Exercise brief: Emit the data below verbatim, stripping out any pictures.

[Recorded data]
• • • • •
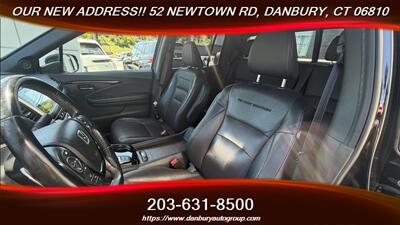 2020 Honda Ridgeline Black Edition   - Photo 14 - Danbury, CT 06810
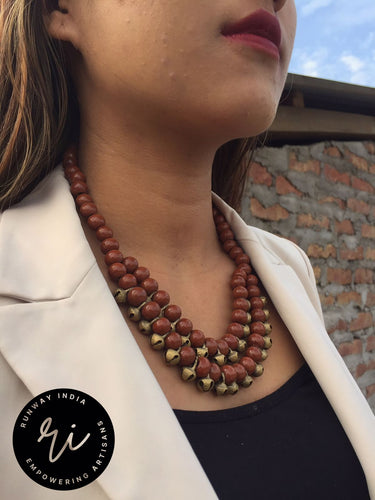 RUNWAY NAGALAND NECKLACE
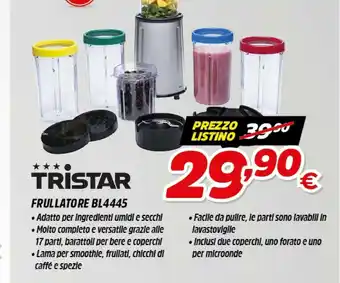 Tristar Frullatore BL4445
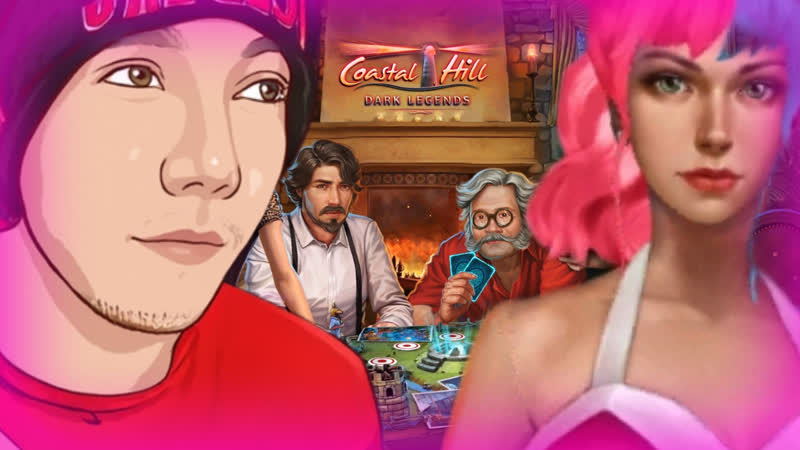 Поляковский летсплей☀️ coastal hill🔍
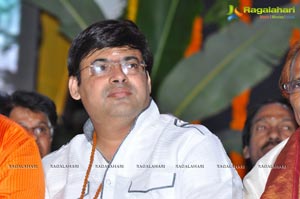 Jagadguru Aadi Shankar Audio Release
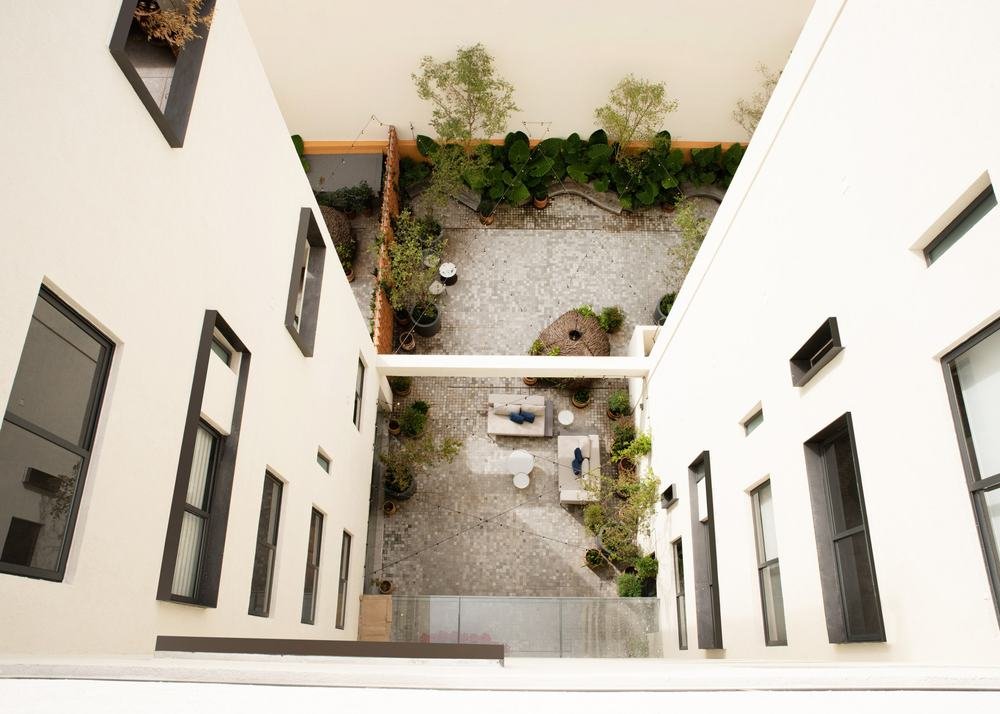Vivienda vertical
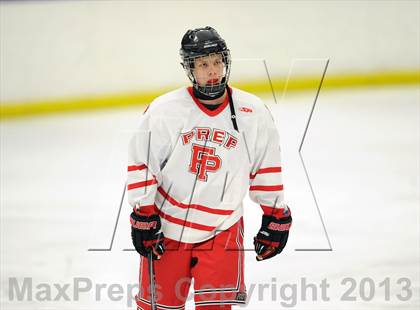 Thumbnail 3 in Fairfield Prep vs. Notre Dame-West Haven (Carrano Cup Semifinal) photogallery.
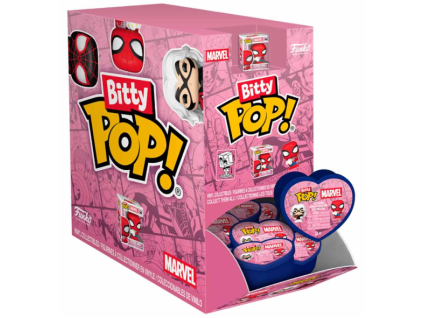 Funko Bitty Pop! Marvel Spider Man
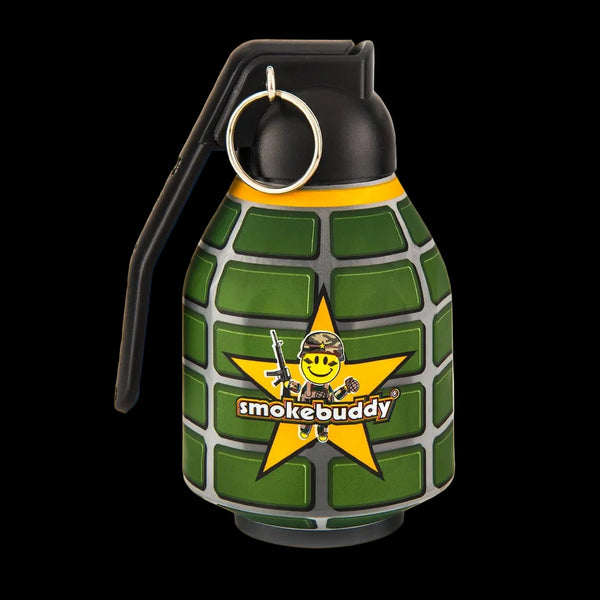 Smoke Buddy Grenade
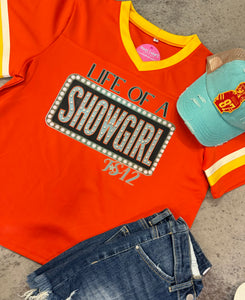 Life of a Showgirl Jersey (style 1)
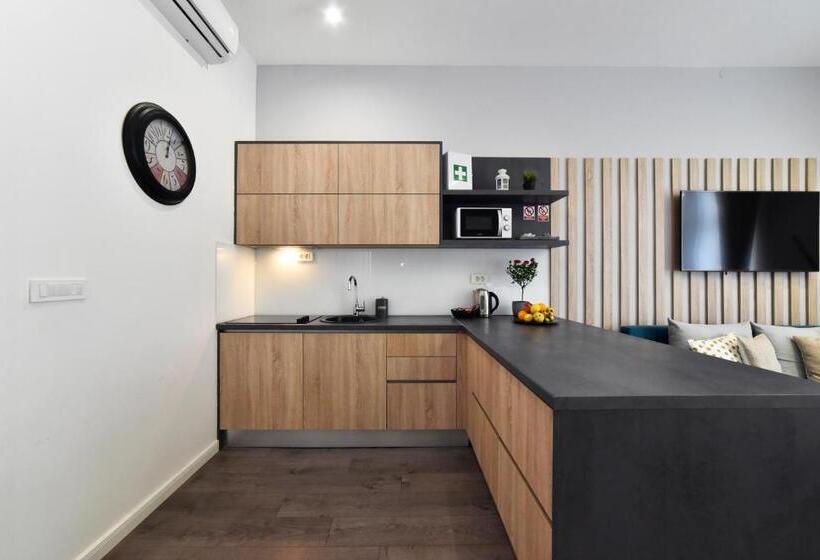 Time Apartments Downtown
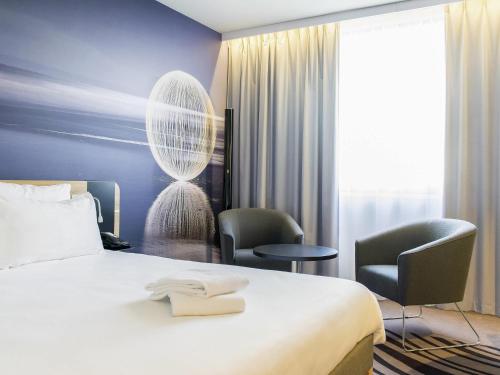 Hotel Novotel Szczecin Centrum Room Type - Standard Double Room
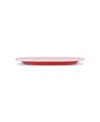 Elifle Two Tone Enamel Dinner Plate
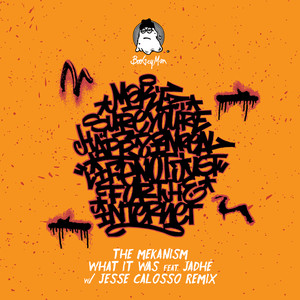 These Days feat. Saad Shah (Jesse Calosso Remix)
• • • • •
Solution for this task:
 2020 Honda Ridgeline Black Edition   - Photo 14 - Danbury, CT 06810
 RUNWAY NAGALAND NECKLACE
 Tristar Frullatore BL4445
 Поляковский летсплей☀️ coastal hill🔍
 Jagadguru Aadi Shankar Audio Release
Vivienda vertical
 Thumbnail 3 in Fairfield Prep vs. Notre Dame-West Haven (Carrano Cup Semifinal) photogallery.
 Funko Bitty Pop! Marvel Spider Man
 Smoke Buddy Grenade
 Life of a Showgirl Jersey (style 1)
 Time Apartments Downtown
 Hotel Novotel Szczecin Centrum Room Type - Standard Double Room
 Elifle Two Tone Enamel Dinner Plate
 These Days feat. Saad Shah (Jesse Calosso Remix)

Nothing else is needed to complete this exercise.